What you are asked to do: Below are some records. Write out exactly their lines from the one with "Ön Kapı Kilit" through the one with "Lejlighed i Cerreto", and leave the pictures behind.

Information:
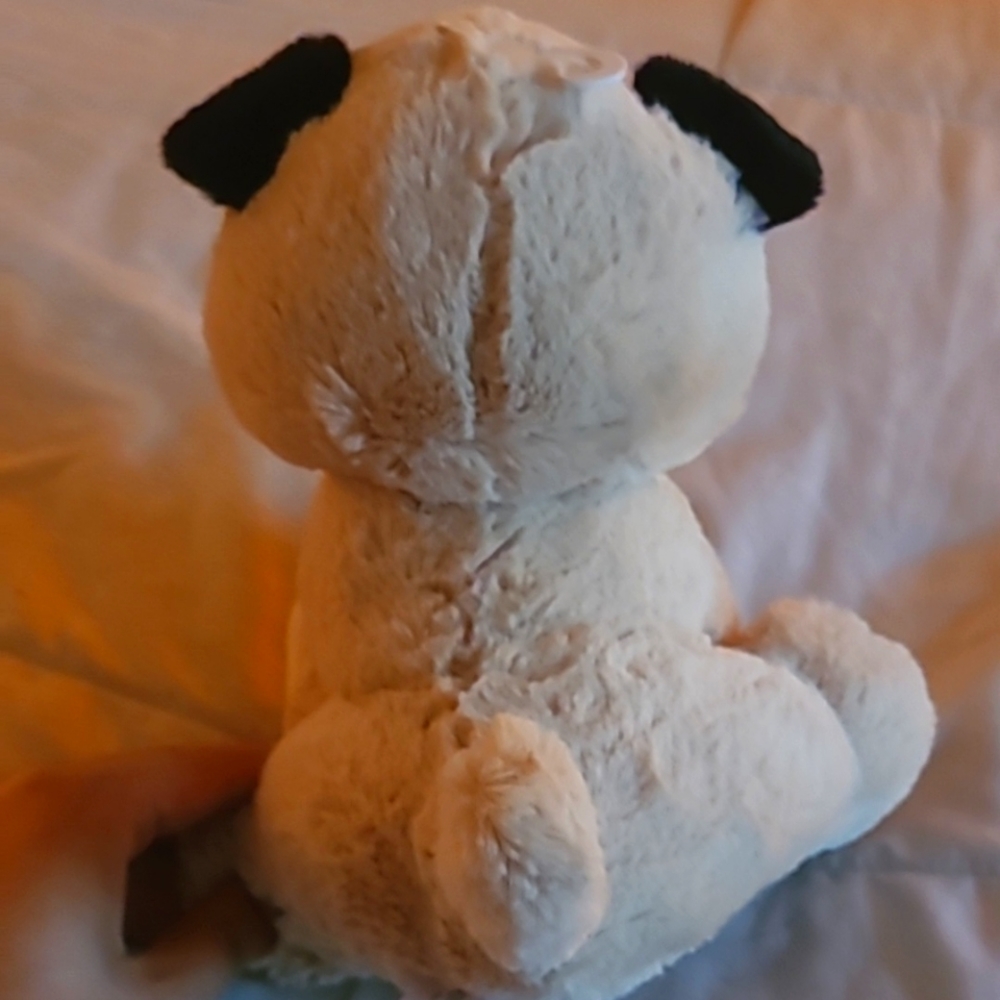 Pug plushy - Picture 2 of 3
--
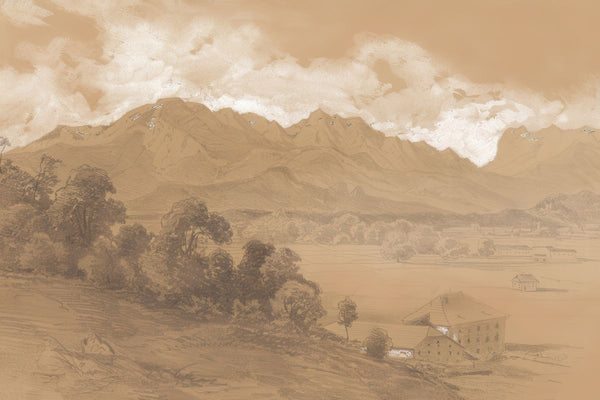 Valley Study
...
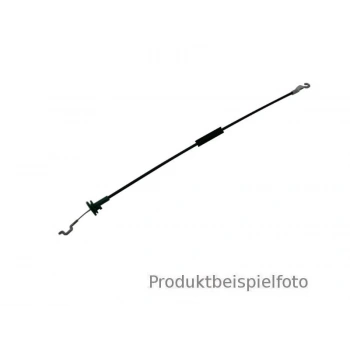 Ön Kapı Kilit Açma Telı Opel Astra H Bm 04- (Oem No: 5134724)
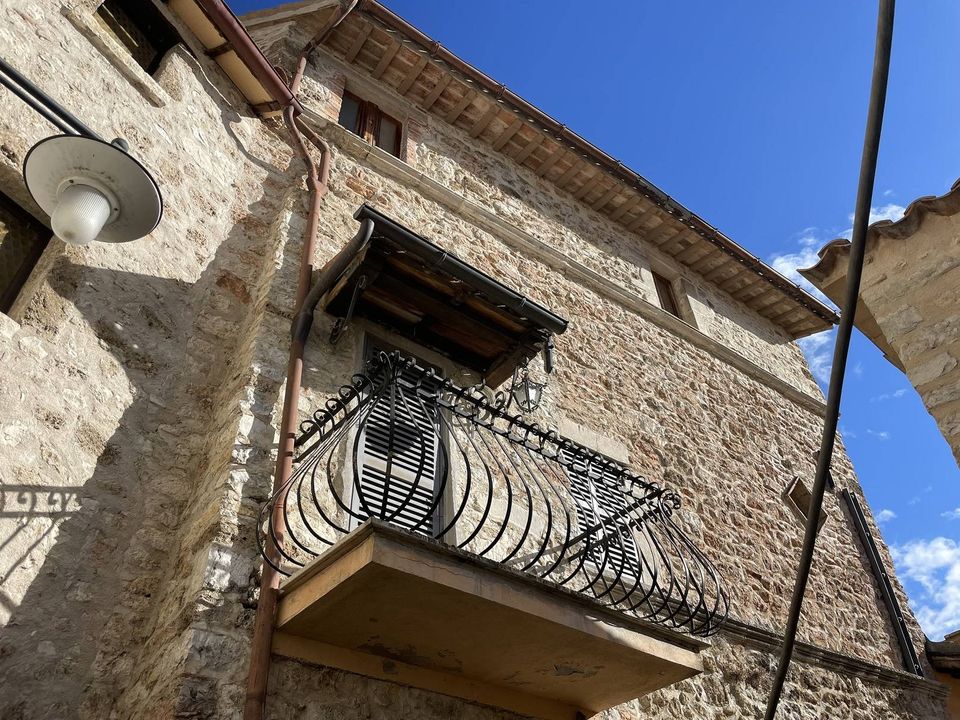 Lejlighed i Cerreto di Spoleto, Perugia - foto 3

Answer to the problem:
 Ön Kapı Kilit Açma Telı Opel Astra H Bm 04- (Oem No: 5134724)
 Lejlighed i Cerreto di Spoleto, Perugia - foto 3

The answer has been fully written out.